20. [SAA/DVA] Auto Scaling Groups – Scaling Policies Hands On
Okay, so now let’s have a look at automatic scaling for your ASG. As you can see, we have three categories. So we have dynamic scaling policies, predictive scaling policies, and schedule actions. So let’s start with the simplest. Scheduled actions are when you want to schedule a scaling action for the future. So you can create one, and then you say what you want the desired capacity, the main capacity, or the maximum capacity to be. And then, is it once, or is it every week, every hour? Is it based on a specific schedule? and so on. And then a start and end time if you wanted it completed.
Okay, so this is pretty cool. And this is allowing you to schedule based on events that you can predict and that you know in advance because, for example, you know that you’re going to run a big promotion next Saturday. Okay, next. Machine learning will be used to drive predictive scaling policies. So you need to scale based on the forecast. So you need to take a look at the actual policy and the actual scaling based on the past. Then it will examine a metric, such as CPU utilisation or networking network out, the application load, balancer, request count, or a custom metric that you specify.
And then you want, for example, to have a target of 50% CP utilisation per instance. And then you can set up some additional settings. But based on this and the actual CPU utilisation for the past week, for example, a forecast is going to be created, and your ASG is going to be scaling based on that forecast. So it’s not something I can demonstrate with you because I would need to enable this for a very long time—a week—and then actually have some usage on my application. But at least you see that a predictive scaling policy is quite simple to set up. You just specify the metric you want and the target utilization, and then some machine learning will be applied for the scaling to happen. So the one policy I can demonstrate to you is a dynamic scaling policy. So let’s go ahead and create a dynamic scaling policy.
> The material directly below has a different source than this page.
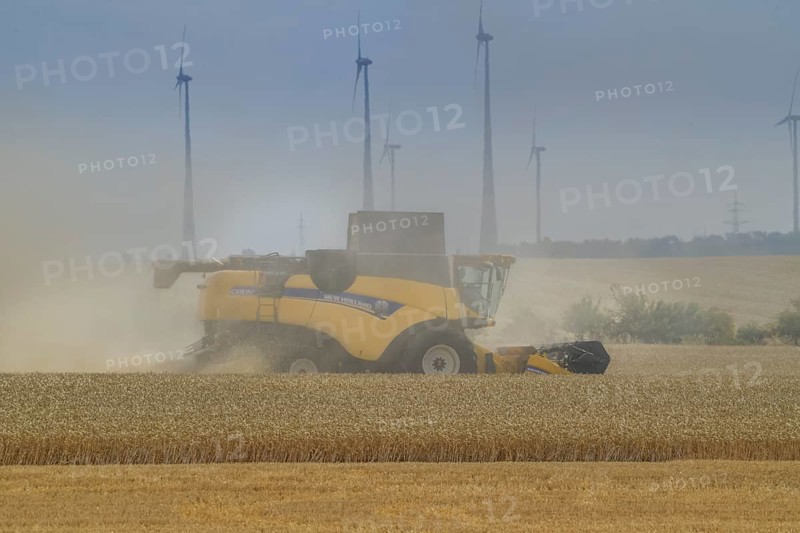 Grain harvest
So we have three options here. We have target tracking, stepscaling, and simple scaling. So let’s have a look at simple scaling first. So here we have to specify a name, then a “Clywatch alarm,” which is an alarm that can scale capacity whenever it is triggered. So we need to create an alarm beforehand, but we’ll see this later on. And so, in case the alarm is triggered, what happens? Maybe you want to add two capacity units, or maybe you want to add 10% of your group, okay. And then add capacity units in increments of at least two capacity units. Okay, so this is a simple scaling policy. So you can have a scaling policy that goes out by adding instances or that goes in by removing instances here. Or you can have a plan of action as well. Okay? And next, we have step scaling. So this is allowing you to set up multiple alarms and, based on the alarm value, have different steps. For example, if the alarm is very, very high in terms of its value, then add ten capacity units. But if it’s high but not too high, add one. This is the idea behind step-scaling. But we’ll set up a target tracking and scaling policy because this is going to create Cloudwater alarms for us.
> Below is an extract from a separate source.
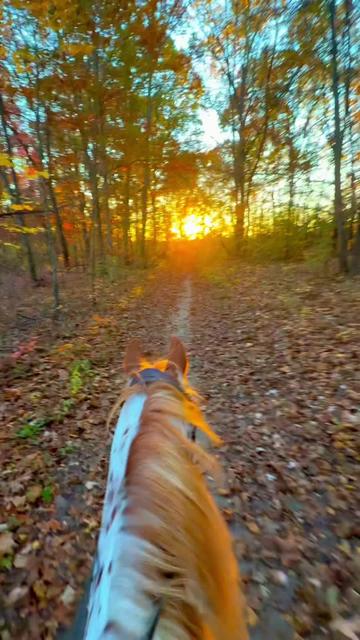 @Free Spirit Equestrian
So here is the name of the Target Tracking Policy, and it will track the average CPU utilisation against a target value of 40. Okay? And then I will go ahead and create my policy. So now what we’re saying is that, hey, the goal of this ASG is to maintain the CPU addition of 240. And if you go over, then please add capacity units. So to see this in action, we need to change a few things. So right now the main and the desired are one, which is good, but let’s set the maximum capacity to be three or two, whatever happens. The idea is that you want to give it a maximum that is greater than the minimum, so that the capacity can go from one to two and then to three. And so the idea now is that we want the CPU utilisation of my auto-scaling group to be at a target value of 40. So if you have a look right now at the CPU solution, it’s going to be zero, obviously. So let’s have a look at EC 2. It’s going to be close to zero because, well, my EC2 instance is not doing anything. So I’m going to go to my EC2 instance and stress it until the CPU utilization reaches 100%.
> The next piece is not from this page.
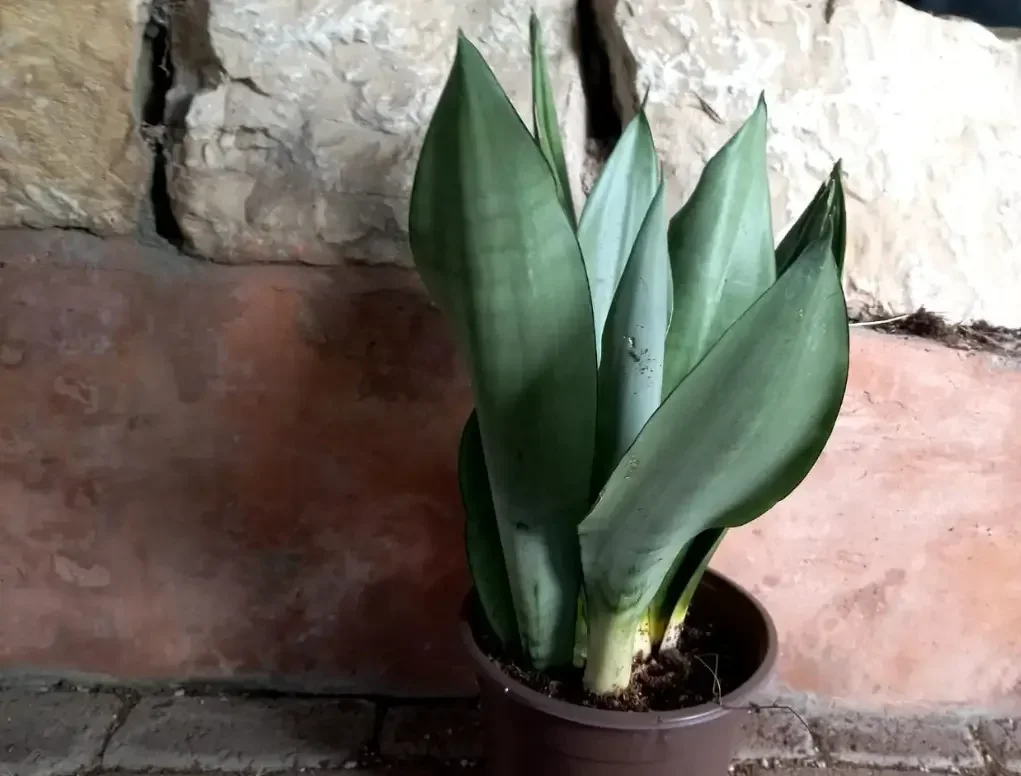 סנסיווריה מונשיין אפורה – כידונן משולש בעל עלים זקופים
So I’m going to connect to my EC2 instance using “easy to instance connect” and then connect to it. Then I’ll Google install Amazon Linux two stress. because there are a few commands. And here is the command. So I will copy the first command in here, and then I will copy the second command to install stress. Here we go. So stress is installed, and then I just run the command stress -C C four.And this is going to make the CPU reach 100% by leveraging four CPU units, meaning four virtual CPUs are being used at a time. So this should make my CPU go to 100%. And so what’s going to happen is that in my monitoring of my ASG in here, what I want it to happen is to see the CPU ratio go to something very, very high, okay? Then, in the activities, I’d like to see a scaling action. And so that means that I will go from one instance to two instances, so what I’m going to do is just pause the video until enough metrics are being captured, okay?
And until we can see that the CPU position is at a very high value, And then we’ll see how the target tracking policy works. So now I went into “Activities” and under “Activity History.” It says that an alarm has been triggered, and due to the target traffic policy, the capacity went from one instance to two instances. So if I go into instance management, as you can see now, I have two EC2 instances due to the scaling. And if I go into monitoring and look at the EC2-level monitoring, as you can see, the CP translation went to a very high value, and therefore the scaling happens. So how do we know that the scaling happens?
So if we go into automatic scaling, as you can see, there is a Target Tracking Policy right here. and what I want to show you is the back end. So, if we go into the Cloud Watch service in here and select Cloud Watch on the left hand side, I’d like to access alarms. So we need to go into alarms. As you can see, two alarms are created directly by the Target Tracking policy, okay? And one of them is called AlarmHigh, which is to scale out. So add instances, and one of them is called Alarm Low, which is to scale in. So fewer instances So, if the CPU utilisation is greater than 40% for three data points within three minutes, this one will enter the alarm states. And this one is looking to see if the CPU station is less than 28 for 15 data points, then scale in. Okay? So this is the idea. So this one was an alarm. And so, due to the metric itself going into an alarm state, by having the CPU station go over that limit right here, well, it got triggered.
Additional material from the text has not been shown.